Neste processo, Garrincha recebeu a visita de um representante do consulado
sueco no Rio de Janeiro para que o craque assinasse um documento a renunciar a
todos os direitos de paternidade sobre o seu filho sueco. Ulf nunca seria
jogador de futebol, embora tivesse experimentado quando era adolescente e há
fotos dele em pose de futebolista e com uma bola nas mãos. “O futebol para mim
acabou cedo porque tive uma doença reumática na adolescência”, contava numa
entrevista ao Mais futebol em 2014.
Mas um dos
seus quatro filhos, Henrik, foi mesmo para o futebol. Jogou na formação do
Halmstad, foi internacional jovem pela Suécia e, no ano passado, assinou um
contrato de dois anos e meio com o Brentford, clube da segunda divisão inglesa.
Henrik ainda não passou da equipa de reservas, até porque esteve lesionado, mas
talvez haja naquelas pernas (bem menos tortas que as do seu avô paterno) alguma
da magia do homem que foi bicampeão com o Brasil.
Não é, no
entanto, preciso olhar com muita atenção para descobrir parecenças entre o neto
e o avô. Henrik é que não gosta de falar muito do assunto porque a herança de
Garrincha é demasiado pesada. “Não gosto de falar muito nisso porque não quero
que prejudique o meu futebol ou a minha vida, mas está sempre na minha cabeça.
E gosto de pensar que há qualquer coisa dele na forma como eu jogo. Sou um
jogador de ataque com técnica e que gosta de marcar golos”, disse Henrik, um
extremo, no dia em que foi apresentado no Brentford.
Garrincha
nunca conheceu a sua descendência sueca – morreu em 1983 – mas chegou a estar
relativamente presente na vida de Neném, embora não o tenha reconhecido logo
como seu descendente.

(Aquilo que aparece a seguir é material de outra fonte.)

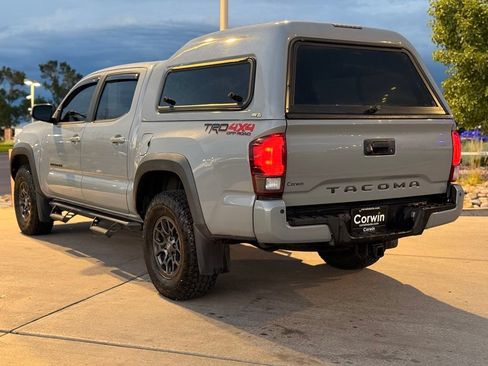 Used 2018 Toyota Tacoma TRD Off-Road AWD/4WD image 6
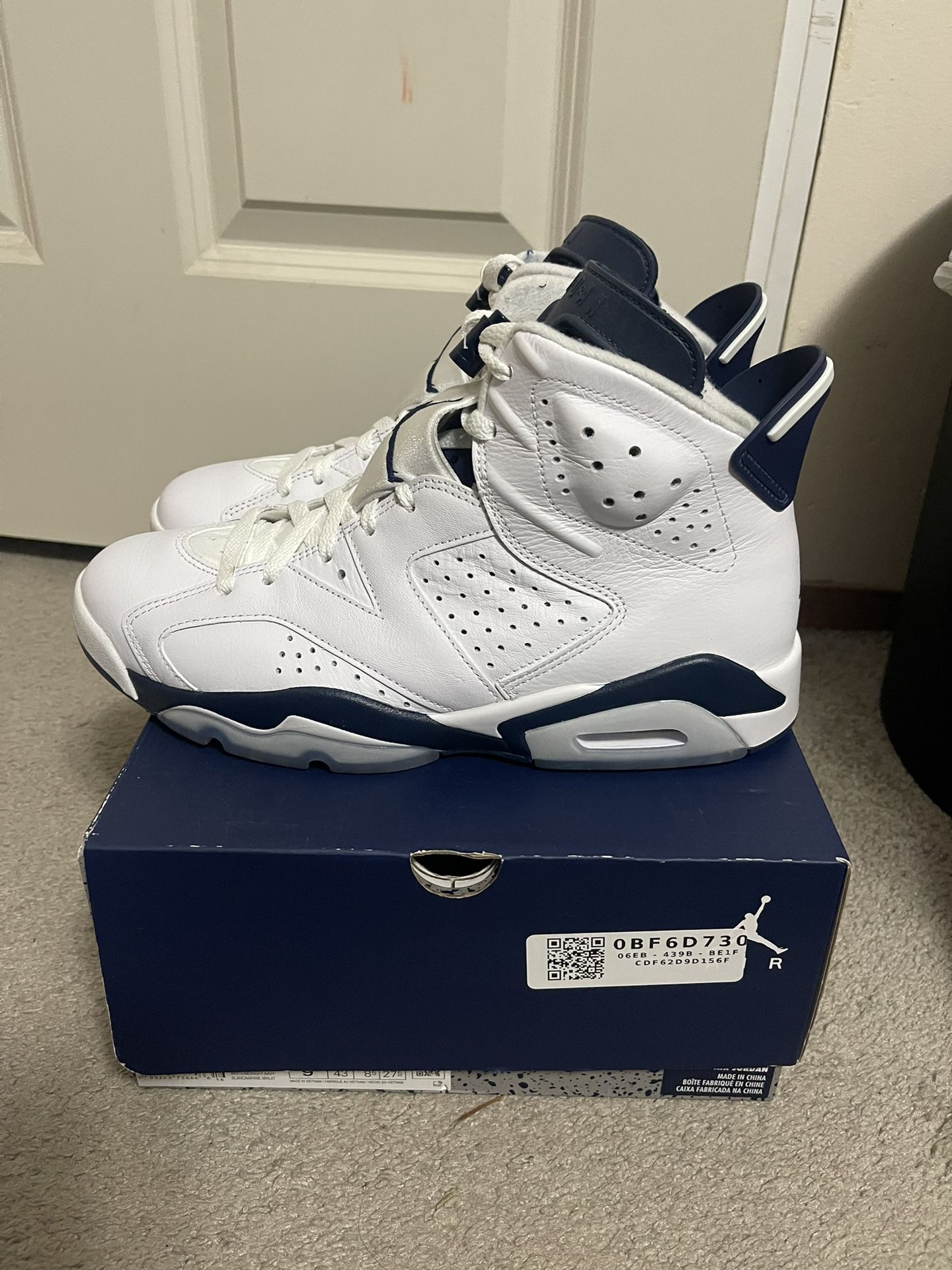 JORDAN 6 MIDNIGHT BLUE SIZE 9.5 WORN TWICE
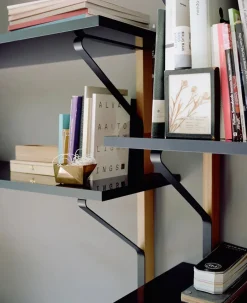 Artek Kaari Wall Shelf, 100x188 cm fra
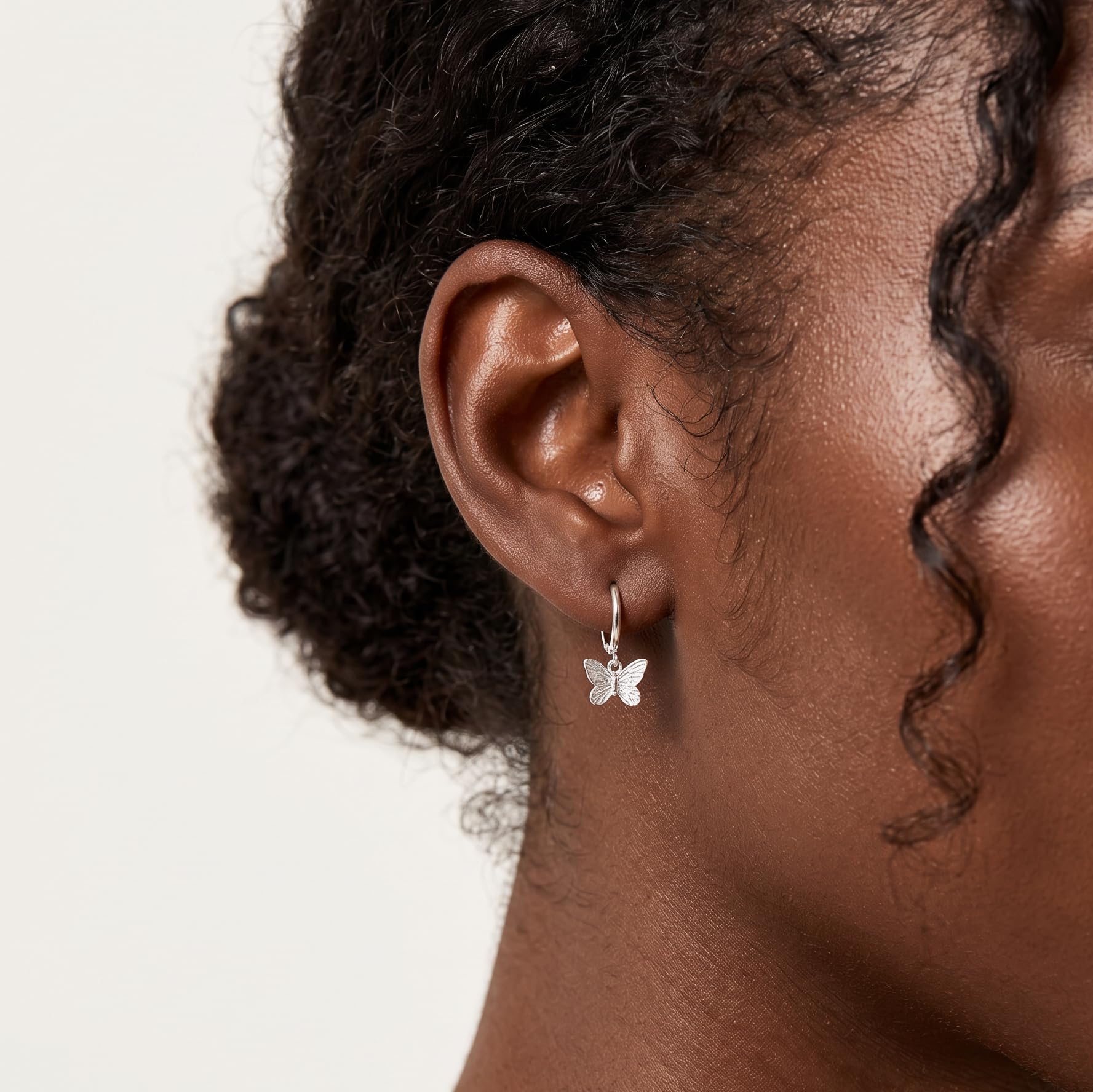 SLUYNZ Pendientes de aro de mariposa de plata de ley para mujer, aretes de aro de mariposa pequeños
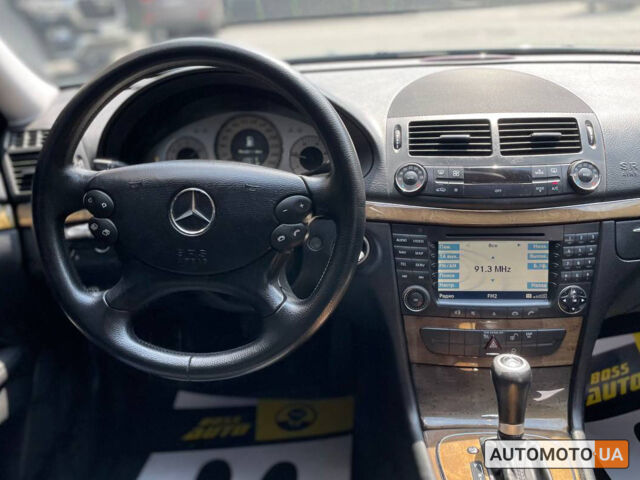 Серый Мерседес E 200, объемом двигателя 2.2 л и пробегом 328 тыс. км за 8900 $, фото 9 на Automoto.ua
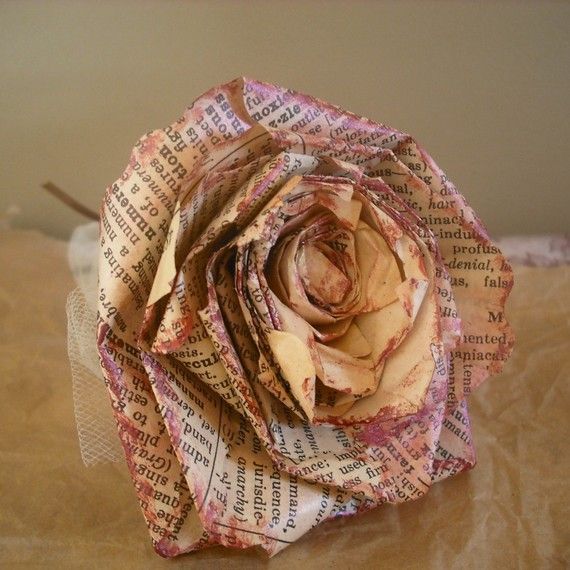 rosa-vecchio-giornale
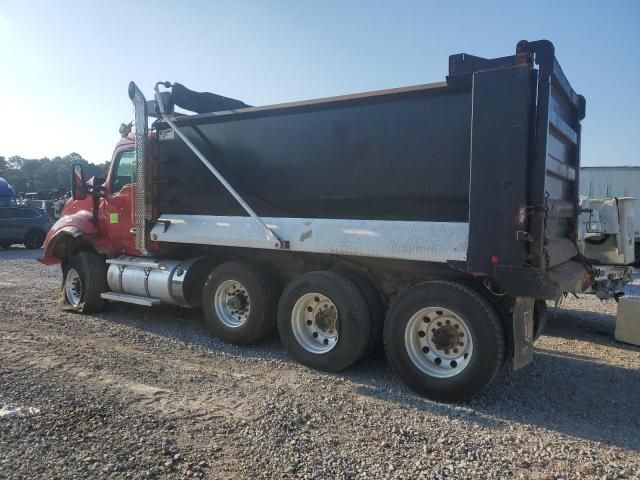2017 Kenworth T880 Dump Truck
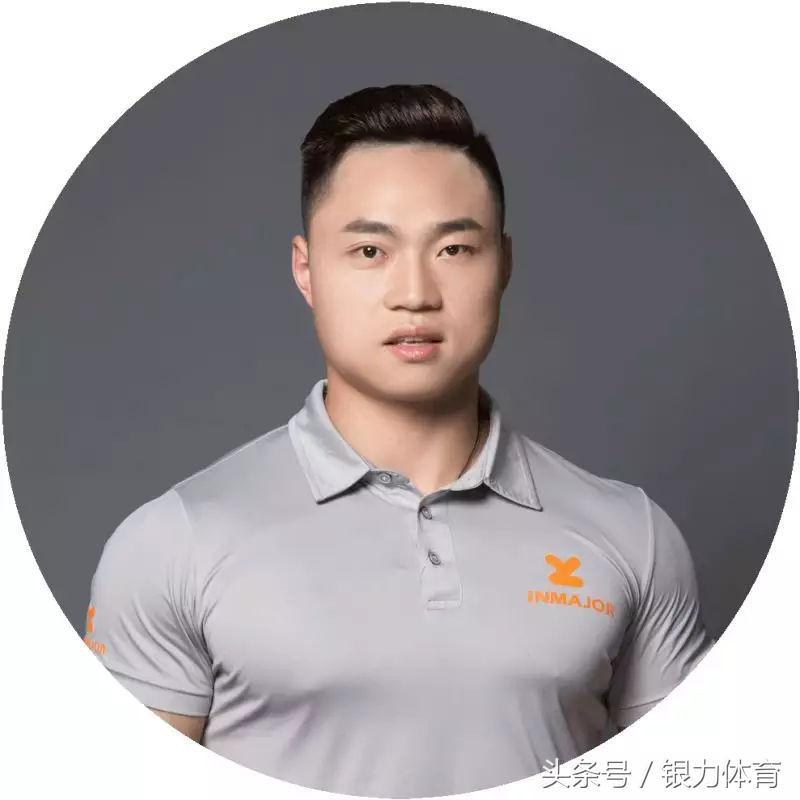 男士胸大怎么练胸肌,男人胸有点大怎么锻炼好看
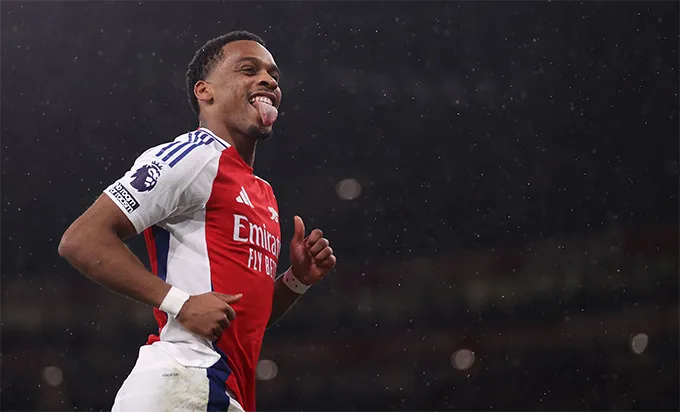 Gullit đánh giá Timber là cầu thủ hay nhất Ngoại hạng Anh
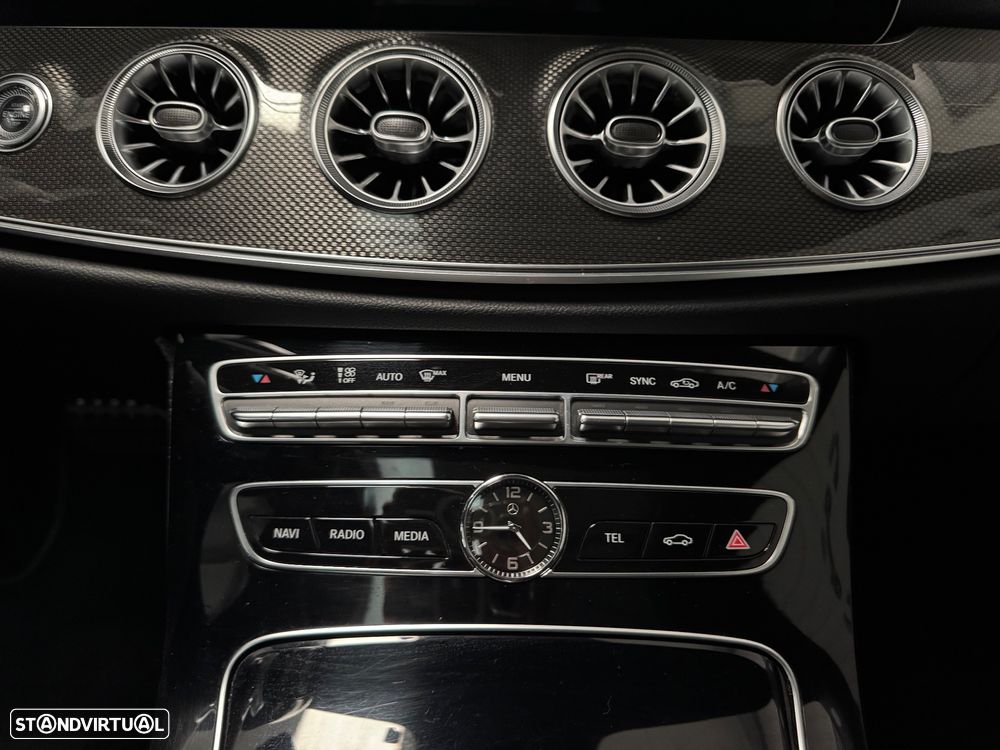 Mercedes-Benz E 220 d Coupe 9G-TRONIC AMG Line - 23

Manuel Castilho, “Neném”, nasceu em 1961, fruto de uma
relação extraconjugal prolongada de Garrincha com Iraci e, entre o fim do seu
casamento com Nair (a primeira mulher e mãe de nove das suas filhas) e os
primeiros anos da relação com Elza Soares, ele nunca teve qualquer contacto com
o filho. Neném tinha 15 anos quando um olheiro do Fluminense reparou nele
durante um jogo de miúdos em Pau Grande, uma cidade nos arredores do Rio de
Janeiro e onde Neném (e Garrincha) vivia.
Alguém disse
ao olheiro do Fluminense que aquele miúdo era filho de craque e o “tricolor”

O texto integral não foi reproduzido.